What is expected: Through the end of the data below, output every line exactly, beginning with the line that contains "SKIN1004 Centella Hyalu".

[Scraped caption text data]
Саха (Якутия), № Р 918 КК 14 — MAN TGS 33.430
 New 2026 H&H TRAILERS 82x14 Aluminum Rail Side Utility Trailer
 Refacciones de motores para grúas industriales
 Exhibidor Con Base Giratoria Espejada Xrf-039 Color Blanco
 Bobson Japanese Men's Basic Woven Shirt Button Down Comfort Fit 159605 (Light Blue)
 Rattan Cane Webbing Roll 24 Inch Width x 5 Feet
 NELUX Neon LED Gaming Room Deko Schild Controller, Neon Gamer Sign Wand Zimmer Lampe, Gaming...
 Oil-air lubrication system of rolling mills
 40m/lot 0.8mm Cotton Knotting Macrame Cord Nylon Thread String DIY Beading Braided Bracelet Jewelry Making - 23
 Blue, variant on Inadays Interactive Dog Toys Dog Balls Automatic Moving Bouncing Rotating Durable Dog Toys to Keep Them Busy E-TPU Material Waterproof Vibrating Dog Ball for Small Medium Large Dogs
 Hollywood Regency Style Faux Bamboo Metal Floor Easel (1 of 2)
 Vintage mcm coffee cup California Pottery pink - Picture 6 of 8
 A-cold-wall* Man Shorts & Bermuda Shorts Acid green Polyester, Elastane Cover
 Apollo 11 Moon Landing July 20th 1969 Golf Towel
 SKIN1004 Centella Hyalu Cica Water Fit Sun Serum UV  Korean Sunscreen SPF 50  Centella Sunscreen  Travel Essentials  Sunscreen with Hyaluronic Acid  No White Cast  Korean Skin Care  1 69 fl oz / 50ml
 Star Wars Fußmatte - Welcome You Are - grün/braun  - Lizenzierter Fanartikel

Task result:
 SKIN1004 Centella Hyalu Cica Water Fit Sun Serum UV  Korean Sunscreen SPF 50  Centella Sunscreen  Travel Essentials  Sunscreen with Hyaluronic Acid  No White Cast  Korean Skin Care  1 69 fl oz / 50ml
 Star Wars Fußmatte - Welcome You Are - grün/braun  - Lizenzierter Fanartikel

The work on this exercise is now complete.